**About this exercise:**
From the line that contains "Cotton On Brown Square Toe Flip Flops" to the final line of the entries below, write out every line exactly as it appears, and nothing else.
--------------------------------------------------
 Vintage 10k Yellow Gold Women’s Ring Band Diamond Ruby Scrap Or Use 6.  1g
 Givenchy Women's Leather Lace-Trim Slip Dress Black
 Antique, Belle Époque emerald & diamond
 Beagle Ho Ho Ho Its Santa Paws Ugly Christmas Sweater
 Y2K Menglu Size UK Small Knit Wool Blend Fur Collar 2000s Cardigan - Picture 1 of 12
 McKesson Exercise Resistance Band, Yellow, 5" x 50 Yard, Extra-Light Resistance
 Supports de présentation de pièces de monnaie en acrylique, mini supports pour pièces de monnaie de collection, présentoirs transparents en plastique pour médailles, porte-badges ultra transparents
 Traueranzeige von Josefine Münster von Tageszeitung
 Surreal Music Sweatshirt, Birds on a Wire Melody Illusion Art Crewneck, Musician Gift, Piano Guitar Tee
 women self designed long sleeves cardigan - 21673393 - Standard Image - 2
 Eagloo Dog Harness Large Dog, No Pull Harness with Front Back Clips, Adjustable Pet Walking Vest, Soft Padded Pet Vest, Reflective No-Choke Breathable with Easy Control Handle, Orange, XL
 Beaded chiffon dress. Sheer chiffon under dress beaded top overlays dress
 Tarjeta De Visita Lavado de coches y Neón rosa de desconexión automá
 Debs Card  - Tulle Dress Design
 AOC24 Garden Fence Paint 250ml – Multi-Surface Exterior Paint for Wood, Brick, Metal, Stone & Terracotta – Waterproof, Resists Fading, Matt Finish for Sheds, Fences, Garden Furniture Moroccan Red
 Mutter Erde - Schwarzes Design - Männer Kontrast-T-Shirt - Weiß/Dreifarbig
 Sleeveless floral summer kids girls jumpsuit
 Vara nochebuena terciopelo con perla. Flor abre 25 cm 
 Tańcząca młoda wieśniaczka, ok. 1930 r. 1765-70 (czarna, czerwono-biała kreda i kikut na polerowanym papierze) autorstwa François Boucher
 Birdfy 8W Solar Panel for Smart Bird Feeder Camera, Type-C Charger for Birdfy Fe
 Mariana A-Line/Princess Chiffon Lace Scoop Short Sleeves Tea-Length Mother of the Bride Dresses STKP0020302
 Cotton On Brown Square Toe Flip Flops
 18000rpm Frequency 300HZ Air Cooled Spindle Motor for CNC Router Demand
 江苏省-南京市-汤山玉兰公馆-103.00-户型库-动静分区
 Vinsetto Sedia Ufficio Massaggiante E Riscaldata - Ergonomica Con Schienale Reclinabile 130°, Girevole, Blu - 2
--------------------------------------------------
**Task answer:**
 Cotton On Brown Square Toe Flip Flops
 18000rpm Frequency 300HZ Air Cooled Spindle Motor for CNC Router Demand
 江苏省-南京市-汤山玉兰公馆-103.00-户型库-动静分区
 Vinsetto Sedia Ufficio Massaggiante E Riscaldata - Ergonomica Con Schienale Reclinabile 130°, Girevole, Blu - 2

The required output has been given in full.